Activity:
Return the data exactly, with all pictures removed.

━━━━━━━━━━━━━━━━━━━━━━━━━━━━━━

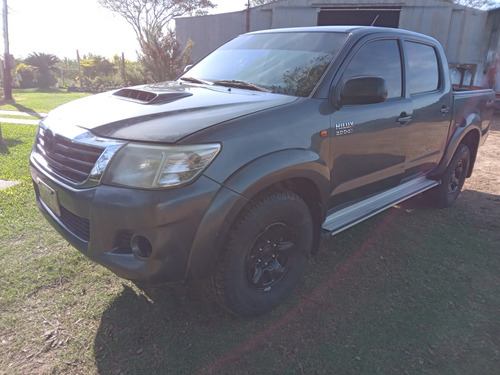 Toyota Hilux Pick-Up Sr 4x4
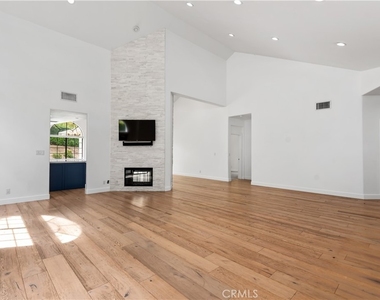 729 Maywood Court - Photo Thumbnail 4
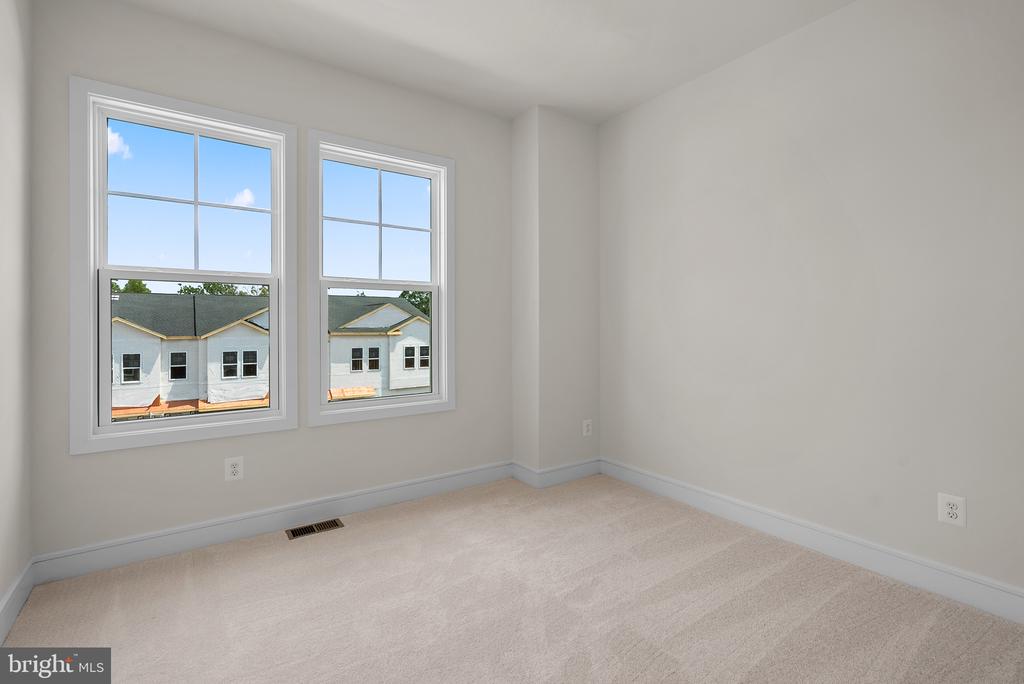 126 Leather Flower Dr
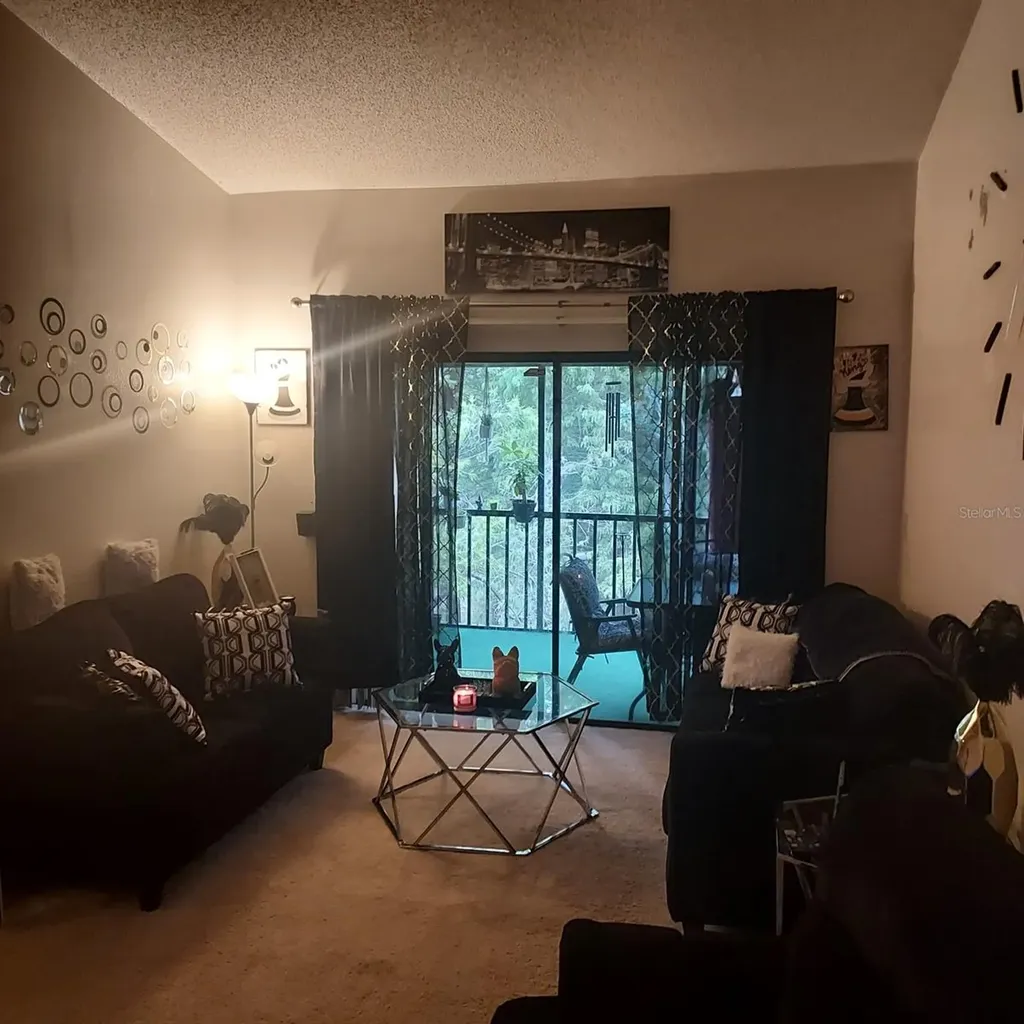 4927 Puritan Circle Tampa FL 33617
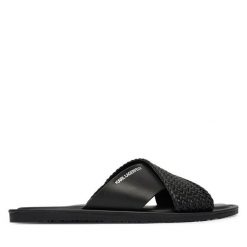 Klapki KARL LAGERFELD. Czarne klapki i japonki męskie KARL LAGERFELD, bez wzorów. Za 589.99 zł.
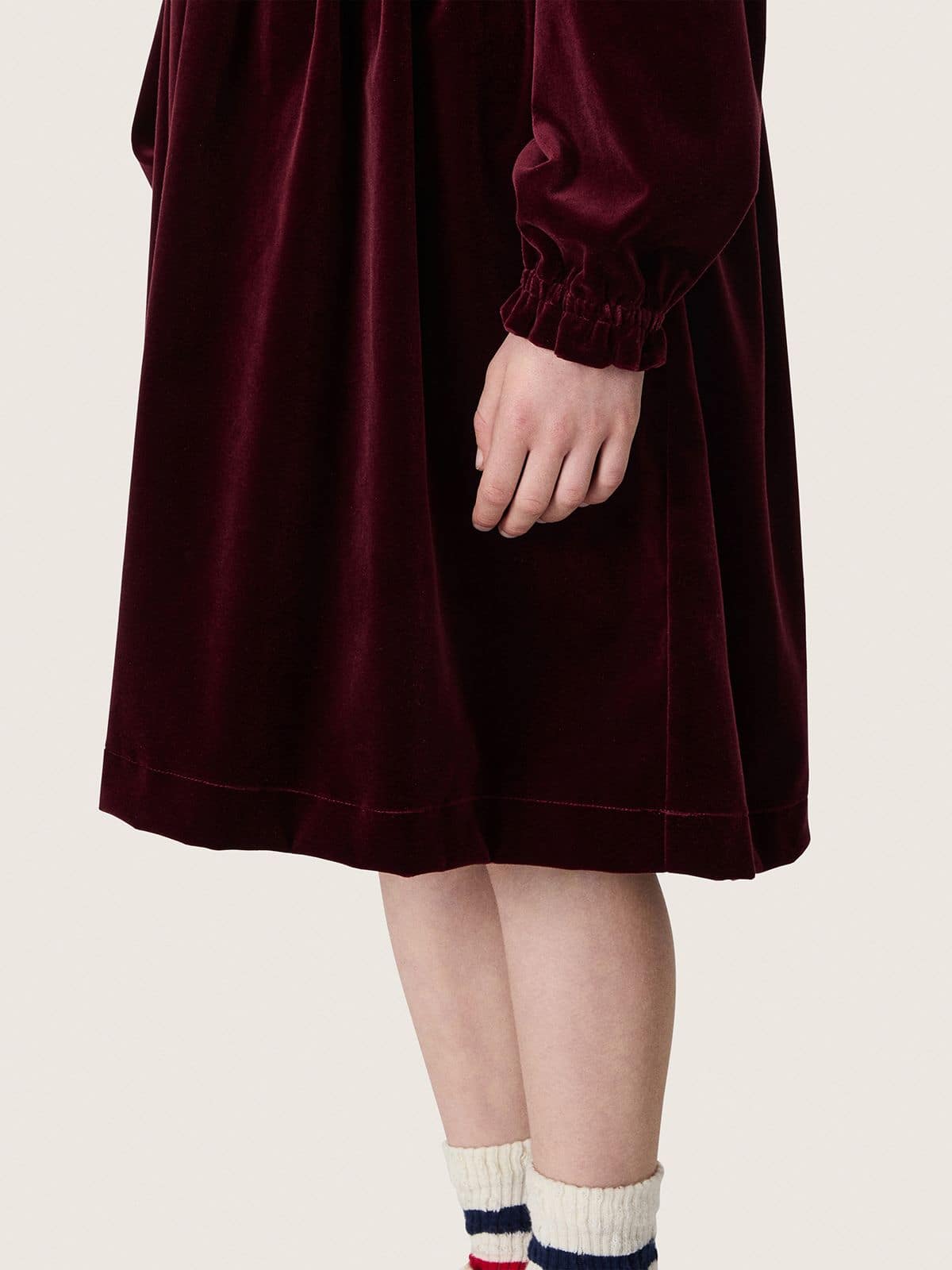 Girls’ burgundy velvet-effect dress with embroidery on the front - Golden Goose Kids
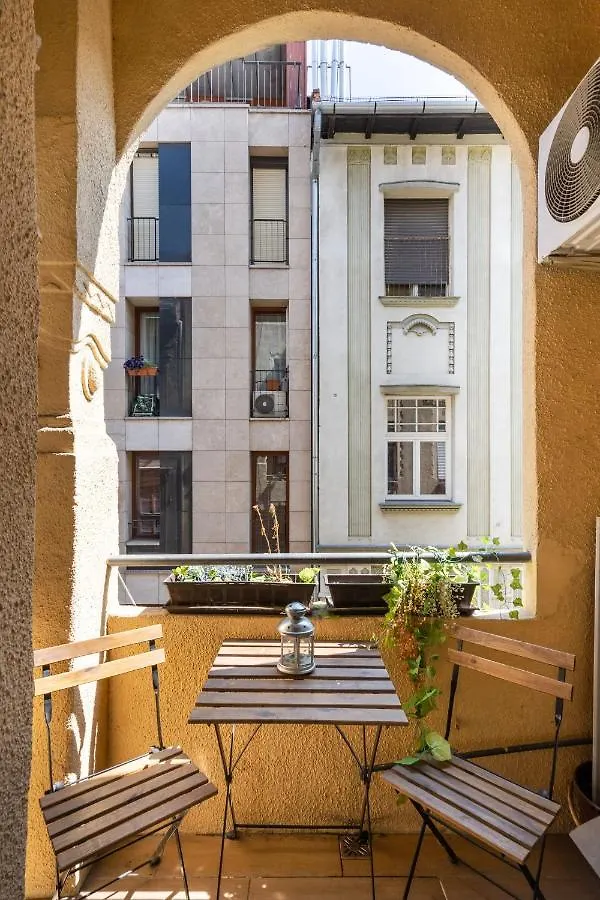 Apartment K10 - Kazinczy Street Heritage Suite - Best Location By Bqa Budapest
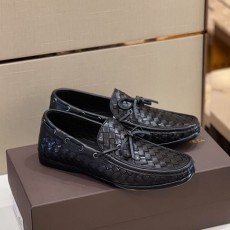 보테가 BOTTEGA VENETA 남성 가죽 로퍼 BV0526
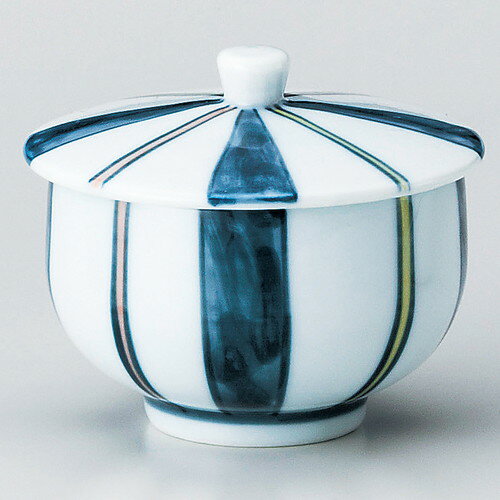 [商品名]　色十草蓋付煎茶[素材]　磁器[寸法]　[ φ8 x 7cm 175cc ]お店からご自宅まで、季節を問わず、様々なシーンでご利用いただける商品です。[ φ8 x 7cm 175cc ] 磁器 日本製 一部の商品はメーカーよりお取...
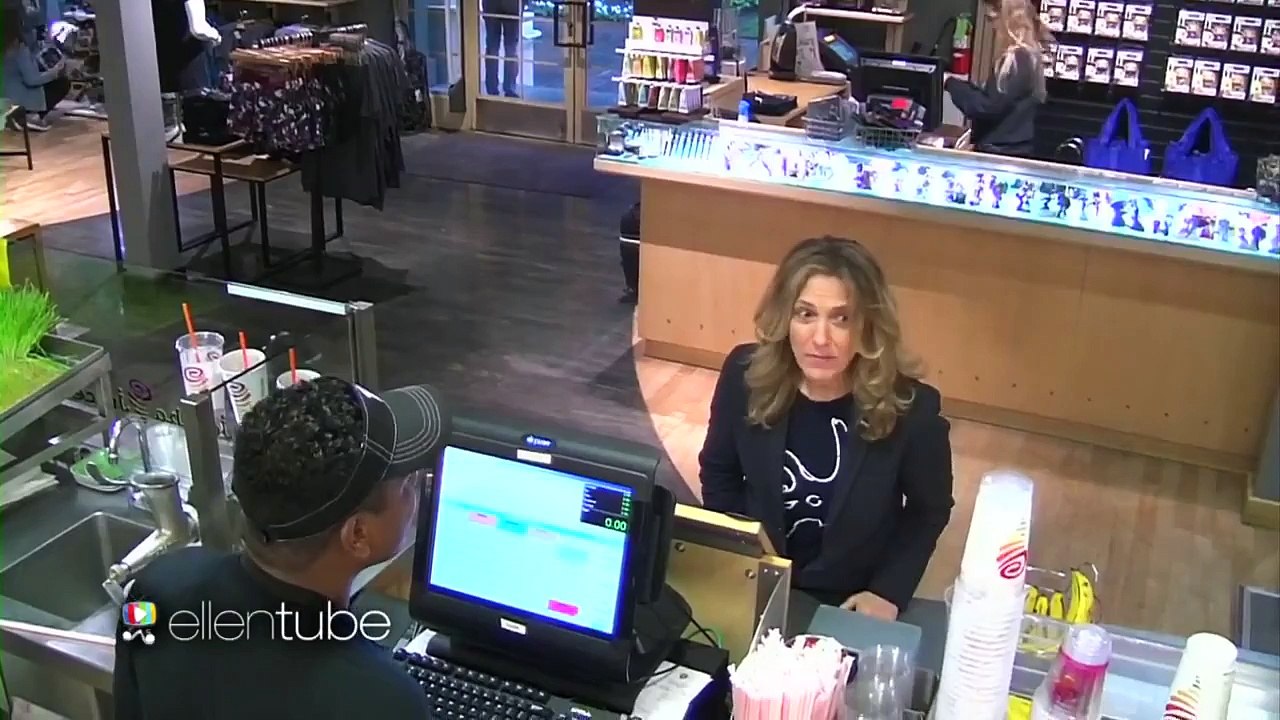 Adele en caméra cachée chez Jamba Juice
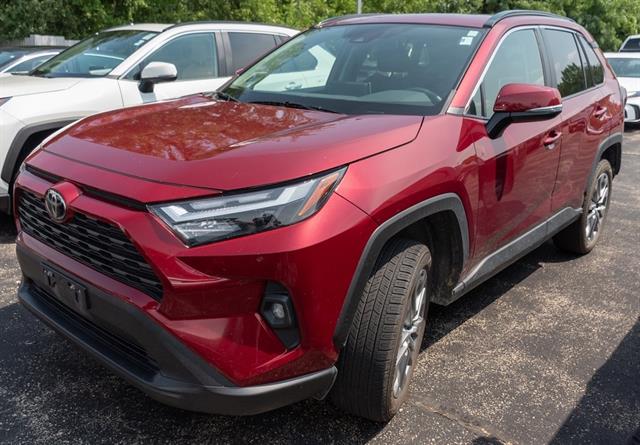 2022 Toyota RAV4 XLE Premium photo 3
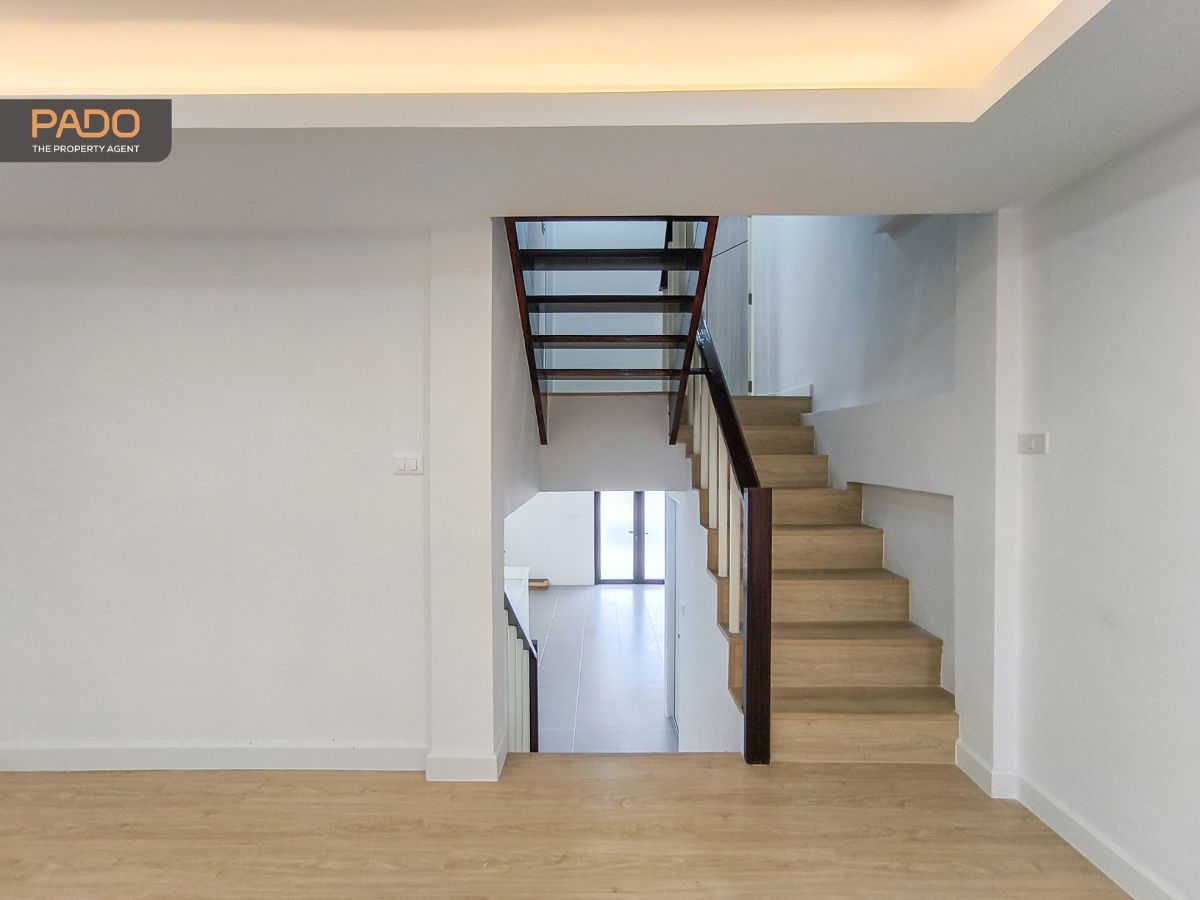 picture Townhome for Sale, 3.5 Storeys, Tiwanon 43 (Nonthaburi) with spacious layout, just 9 mins walk to MRT Pink Line. Only 3.89 MB - 11/24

━━━━━━━━━━━━━━━━━━━━━━━━━━━━━━

Result for this task:
 Toyota Hilux Pick-Up Sr 4x4
 729 Maywood Court - Photo Thumbnail 4
 126 Leather Flower Dr
 4927 Puritan Circle Tampa FL 33617
 Klapki KARL LAGERFELD. Czarne klapki i japonki męskie KARL LAGERFELD, bez wzorów. Za 589.99 zł.
 Girls’ burgundy velvet-effect dress with embroidery on the front - Golden Goose Kids
 Apartment K10 - Kazinczy Street Heritage Suite - Best Location By Bqa Budapest
 보테가 BOTTEGA VENETA 남성 가죽 로퍼 BV0526
 [商品名]　色十草蓋付煎茶[素材]　磁器[寸法]　[ φ8 x 7cm 175cc ]お店からご自宅まで、季節を問わず、様々なシーンでご利用いただける商品です。[ φ8 x 7cm 175cc ] 磁器 日本製 一部の商品はメーカーよりお取...
 Adele en caméra cachée chez Jamba Juice
 2022 Toyota RAV4 XLE Premium photo 3
 picture Townhome for Sale, 3.5 Storeys, Tiwanon 43 (Nonthaburi) with spacious layout, just 9 mins walk to MRT Pink Line. Only 3.89 MB - 11/24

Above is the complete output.